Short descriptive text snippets
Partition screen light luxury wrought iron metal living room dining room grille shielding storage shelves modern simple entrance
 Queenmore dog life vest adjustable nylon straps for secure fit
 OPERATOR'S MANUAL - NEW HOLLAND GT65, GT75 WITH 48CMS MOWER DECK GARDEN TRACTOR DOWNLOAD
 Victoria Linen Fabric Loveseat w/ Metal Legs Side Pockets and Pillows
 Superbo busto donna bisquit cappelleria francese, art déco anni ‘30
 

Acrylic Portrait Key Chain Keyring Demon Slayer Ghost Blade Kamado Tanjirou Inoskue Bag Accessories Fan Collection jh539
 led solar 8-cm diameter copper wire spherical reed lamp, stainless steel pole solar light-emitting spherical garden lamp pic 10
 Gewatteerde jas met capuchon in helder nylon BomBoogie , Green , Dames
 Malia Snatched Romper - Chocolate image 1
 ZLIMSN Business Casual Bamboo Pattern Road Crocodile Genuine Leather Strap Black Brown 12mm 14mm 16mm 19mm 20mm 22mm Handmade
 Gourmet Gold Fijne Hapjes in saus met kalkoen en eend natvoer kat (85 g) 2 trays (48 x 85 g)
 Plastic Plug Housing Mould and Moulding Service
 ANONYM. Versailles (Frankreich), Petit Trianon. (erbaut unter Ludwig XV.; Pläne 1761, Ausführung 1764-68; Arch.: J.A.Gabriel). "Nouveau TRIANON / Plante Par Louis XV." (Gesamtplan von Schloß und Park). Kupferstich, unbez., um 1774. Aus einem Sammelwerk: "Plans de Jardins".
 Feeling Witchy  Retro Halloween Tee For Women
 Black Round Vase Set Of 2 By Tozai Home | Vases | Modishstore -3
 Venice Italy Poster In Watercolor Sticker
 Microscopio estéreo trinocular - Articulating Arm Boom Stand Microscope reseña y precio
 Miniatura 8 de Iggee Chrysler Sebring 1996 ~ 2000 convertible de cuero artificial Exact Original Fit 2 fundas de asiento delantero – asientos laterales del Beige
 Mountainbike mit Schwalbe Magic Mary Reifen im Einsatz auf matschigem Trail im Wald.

# Work item:
With the line that contains "Gewatteerde jas met" as the first and the final line of the data as the last, repeat every line in that span exactly.

# Completed exercise:
 Gewatteerde jas met capuchon in helder nylon BomBoogie , Green , Dames
 Malia Snatched Romper - Chocolate image 1
 ZLIMSN Business Casual Bamboo Pattern Road Crocodile Genuine Leather Strap Black Brown 12mm 14mm 16mm 19mm 20mm 22mm Handmade
 Gourmet Gold Fijne Hapjes in saus met kalkoen en eend natvoer kat (85 g) 2 trays (48 x 85 g)
 Plastic Plug Housing Mould and Moulding Service
 ANONYM. Versailles (Frankreich), Petit Trianon. (erbaut unter Ludwig XV.; Pläne 1761, Ausführung 1764-68; Arch.: J.A.Gabriel). "Nouveau TRIANON / Plante Par Louis XV." (Gesamtplan von Schloß und Park). Kupferstich, unbez., um 1774. Aus einem Sammelwerk: "Plans de Jardins".
 Feeling Witchy  Retro Halloween Tee For Women
 Black Round Vase Set Of 2 By Tozai Home | Vases | Modishstore -3
 Venice Italy Poster In Watercolor Sticker
 Microscopio estéreo trinocular - Articulating Arm Boom Stand Microscope reseña y precio
 Miniatura 8 de Iggee Chrysler Sebring 1996 ~ 2000 convertible de cuero artificial Exact Original Fit 2 fundas de asiento delantero – asientos laterales del Beige
 Mountainbike mit Schwalbe Magic Mary Reifen im Einsatz auf matschigem Trail im Wald.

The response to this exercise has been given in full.